-- Information provided follows --

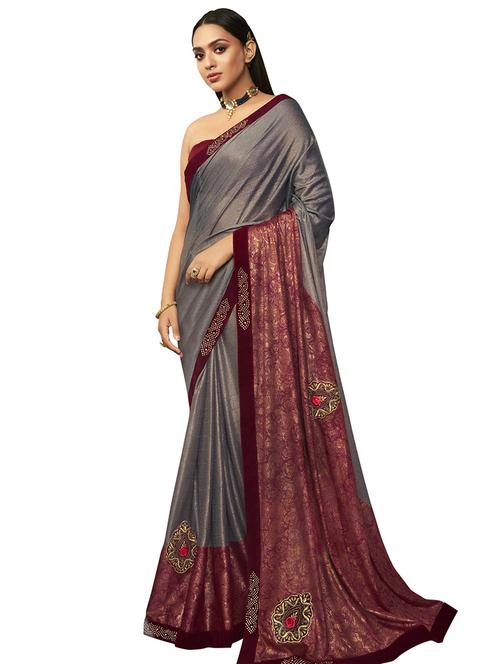foil printed saree with blouse - 17494989 - Very Small Image - 1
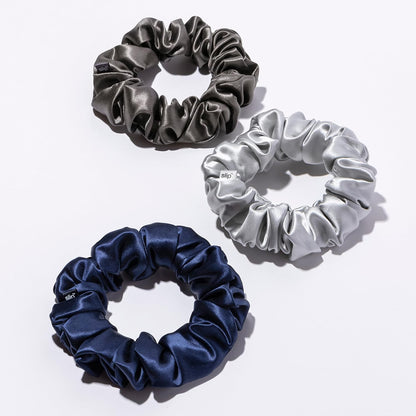 slip Large Scrunchie Multi | Set of 3 Pure Silk Large Scrunchies | Includes 1 Pink, 1 Caramel, 1 Black | 100% Mulberry Silk, Anti-Crease, Gentle on Hair, Reduces Breakage | Stylish & Durable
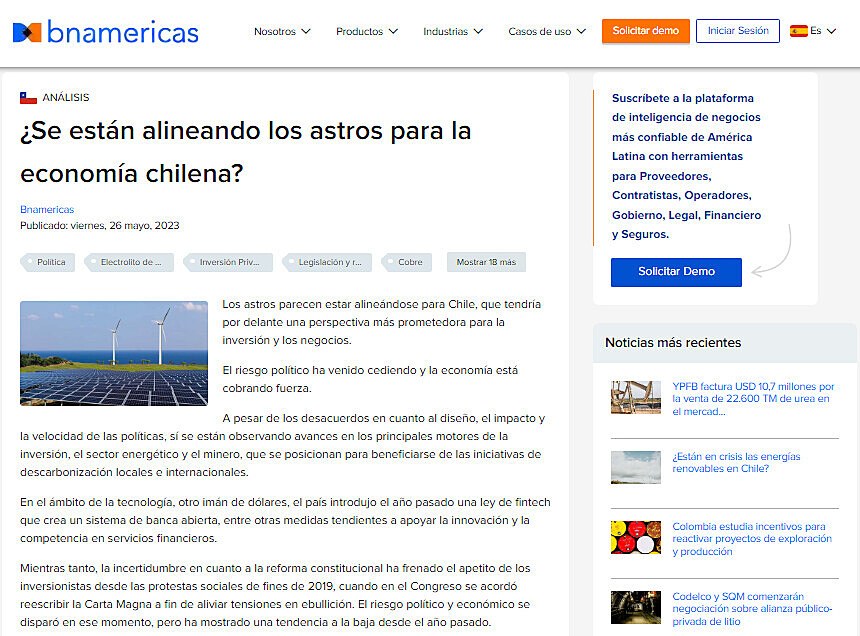 Se estn alineando los astros para la economa chilena?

-- Information provided concluded --

What the task requires:
Give back the whole listing exactly as it stands. Drop every picture.

Expected output:
foil printed saree with blouse - 17494989 - Very Small Image - 1
 slip Large Scrunchie Multi | Set of 3 Pure Silk Large Scrunchies | Includes 1 Pink, 1 Caramel, 1 Black | 100% Mulberry Silk, Anti-Crease, Gentle on Hair, Reduces Breakage | Stylish & Durable
 Se estn alineando los astros para la economa chilena?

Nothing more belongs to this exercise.